■ **DIRECTIONS**
Determine how many lines in the entries below contain the word "Care". The reply is that number alone.

[Short text fragments from websites]
################

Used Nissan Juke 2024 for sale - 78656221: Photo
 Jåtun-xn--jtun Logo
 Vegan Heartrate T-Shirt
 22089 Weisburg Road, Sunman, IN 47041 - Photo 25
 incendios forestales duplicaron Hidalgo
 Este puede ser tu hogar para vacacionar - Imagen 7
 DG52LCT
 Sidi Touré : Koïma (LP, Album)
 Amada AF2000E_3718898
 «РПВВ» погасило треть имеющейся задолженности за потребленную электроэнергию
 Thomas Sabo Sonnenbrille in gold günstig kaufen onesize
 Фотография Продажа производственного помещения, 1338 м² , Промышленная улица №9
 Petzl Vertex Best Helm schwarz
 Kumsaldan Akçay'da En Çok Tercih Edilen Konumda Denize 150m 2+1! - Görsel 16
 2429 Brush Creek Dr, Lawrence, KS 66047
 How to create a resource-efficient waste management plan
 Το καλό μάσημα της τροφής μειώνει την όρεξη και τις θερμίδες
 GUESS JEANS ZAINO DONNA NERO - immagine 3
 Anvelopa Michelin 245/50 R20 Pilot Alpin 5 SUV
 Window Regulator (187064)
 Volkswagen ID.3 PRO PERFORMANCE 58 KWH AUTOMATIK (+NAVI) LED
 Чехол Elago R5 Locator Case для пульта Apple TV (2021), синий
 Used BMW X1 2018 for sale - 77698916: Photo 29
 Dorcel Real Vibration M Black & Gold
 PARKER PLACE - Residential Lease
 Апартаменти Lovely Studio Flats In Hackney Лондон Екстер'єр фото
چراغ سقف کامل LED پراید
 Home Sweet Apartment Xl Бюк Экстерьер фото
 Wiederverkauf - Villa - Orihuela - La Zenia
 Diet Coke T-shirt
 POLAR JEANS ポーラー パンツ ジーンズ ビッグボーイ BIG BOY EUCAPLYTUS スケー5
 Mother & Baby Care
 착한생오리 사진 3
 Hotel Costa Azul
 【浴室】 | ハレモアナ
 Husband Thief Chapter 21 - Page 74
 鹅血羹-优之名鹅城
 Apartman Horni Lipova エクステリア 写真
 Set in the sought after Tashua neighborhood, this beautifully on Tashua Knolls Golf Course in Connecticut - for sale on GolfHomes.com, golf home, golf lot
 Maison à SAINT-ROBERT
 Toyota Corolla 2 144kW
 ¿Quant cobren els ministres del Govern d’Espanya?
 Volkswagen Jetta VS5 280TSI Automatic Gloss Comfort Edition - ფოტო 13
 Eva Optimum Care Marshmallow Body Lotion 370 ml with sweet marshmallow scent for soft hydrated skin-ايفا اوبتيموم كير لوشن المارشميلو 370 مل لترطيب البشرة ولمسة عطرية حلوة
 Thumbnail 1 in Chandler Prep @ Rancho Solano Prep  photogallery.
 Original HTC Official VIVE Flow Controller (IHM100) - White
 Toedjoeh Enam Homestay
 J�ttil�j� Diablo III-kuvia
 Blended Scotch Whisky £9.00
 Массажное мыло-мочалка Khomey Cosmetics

################

■ **ANSWER SECTION**
2